I started teaching English as a Foreign Language at Wolfson College, Cambridge, in 1995, with my Japanese students teaching me more about the realities of teaching than any subsequent training ever could. They were challenging, talented, studious, and hilarious. The group presented a wide range of language abilities, and were culturally so phenomenally different from anything I had experienced before that I soon realized I was learning as much as they were. As I juggled a wide range of didactic, pedagogic, linguistic, and social issues in my classes, all to try and steer them towards their desired aim, I slowly realized that aim was not an exam.

These students wanted to learn English—the exam was just a thing they had to do.
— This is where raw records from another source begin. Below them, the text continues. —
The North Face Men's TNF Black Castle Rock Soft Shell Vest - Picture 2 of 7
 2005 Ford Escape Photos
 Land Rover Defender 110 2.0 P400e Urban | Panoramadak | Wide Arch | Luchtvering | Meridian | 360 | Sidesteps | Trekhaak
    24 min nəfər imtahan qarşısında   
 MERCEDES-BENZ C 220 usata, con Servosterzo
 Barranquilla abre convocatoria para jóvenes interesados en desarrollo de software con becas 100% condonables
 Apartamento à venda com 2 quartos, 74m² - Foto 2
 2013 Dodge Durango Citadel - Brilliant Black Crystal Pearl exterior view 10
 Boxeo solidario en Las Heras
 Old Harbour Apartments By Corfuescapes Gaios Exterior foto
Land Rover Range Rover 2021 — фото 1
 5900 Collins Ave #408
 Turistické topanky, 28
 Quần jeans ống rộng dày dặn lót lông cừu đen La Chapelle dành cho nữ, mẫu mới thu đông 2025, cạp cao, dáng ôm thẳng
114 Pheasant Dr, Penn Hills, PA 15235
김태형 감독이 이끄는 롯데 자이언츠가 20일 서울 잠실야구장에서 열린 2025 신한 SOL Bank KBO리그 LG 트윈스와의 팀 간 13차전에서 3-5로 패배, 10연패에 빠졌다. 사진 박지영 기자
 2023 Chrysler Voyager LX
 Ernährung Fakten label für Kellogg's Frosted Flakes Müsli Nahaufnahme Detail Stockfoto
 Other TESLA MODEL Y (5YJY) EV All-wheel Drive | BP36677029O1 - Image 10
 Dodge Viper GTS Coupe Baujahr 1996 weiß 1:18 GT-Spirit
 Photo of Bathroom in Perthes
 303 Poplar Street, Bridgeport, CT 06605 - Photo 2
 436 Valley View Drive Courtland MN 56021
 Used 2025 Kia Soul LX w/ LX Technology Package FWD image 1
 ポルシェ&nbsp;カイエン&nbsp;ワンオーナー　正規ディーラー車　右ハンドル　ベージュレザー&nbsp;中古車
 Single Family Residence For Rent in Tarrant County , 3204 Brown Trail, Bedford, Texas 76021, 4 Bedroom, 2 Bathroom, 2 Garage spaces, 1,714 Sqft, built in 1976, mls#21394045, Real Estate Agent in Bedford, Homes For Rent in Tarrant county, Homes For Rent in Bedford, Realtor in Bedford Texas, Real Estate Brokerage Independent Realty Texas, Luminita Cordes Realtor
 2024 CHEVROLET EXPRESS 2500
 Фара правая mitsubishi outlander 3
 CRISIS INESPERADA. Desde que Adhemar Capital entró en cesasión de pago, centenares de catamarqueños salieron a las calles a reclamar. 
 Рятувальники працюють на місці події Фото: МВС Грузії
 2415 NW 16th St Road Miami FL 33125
I taught them English, and at the end of the course they took the test.

Now, when I say “the test,” I mean it wasn’t my test. It was a test designed by the university, but it didn’t really match up with my students’ desires, or their ability to communicate in the language.

A few years later, I encountered another problem. During a brief stint at a prestigious examination assessment center, I was tasked, as one of many poor unfortunates, with assessing candidates’ written responses to open-ended questions and essay prompts. As one would expect from so august an institution, the exams were developed and quality checked by teams of professional exam developers. Yet, I—along with many other graders—had issues. Why?

Well, sometimes I felt a candidate’s response was correct even though that response did not match the answer specified by the exam developers. So, what exactly was I assessing? The candidate’s ability to guess what the exam developers expected, or the candidate’s ability to respond appropriately to the questions and prompts?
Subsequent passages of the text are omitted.